■ **Data section**
——————
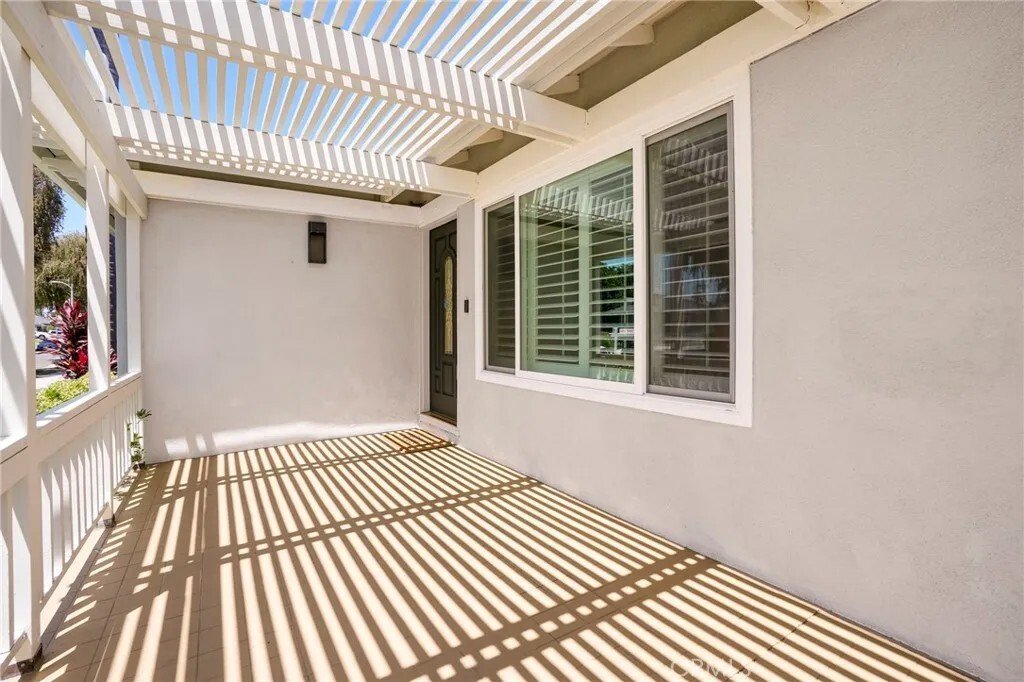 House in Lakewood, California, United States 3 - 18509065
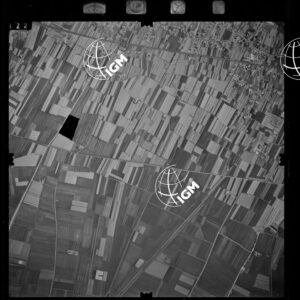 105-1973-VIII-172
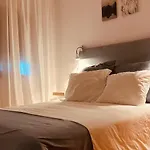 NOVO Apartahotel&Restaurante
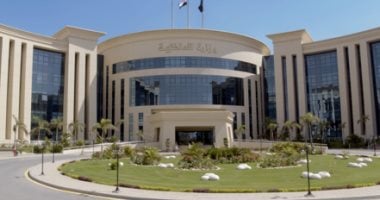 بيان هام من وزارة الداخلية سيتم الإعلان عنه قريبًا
——————
■ **What you will do**
Transcribe exactly, and without any pictures, each line from the one that holds "105-1973-VIII-172" through the final line of the material above.

■ **Answer area**
 105-1973-VIII-172
 NOVO Apartahotel&Restaurante
 بيان هام من وزارة الداخلية سيتم الإعلان عنه قريبًا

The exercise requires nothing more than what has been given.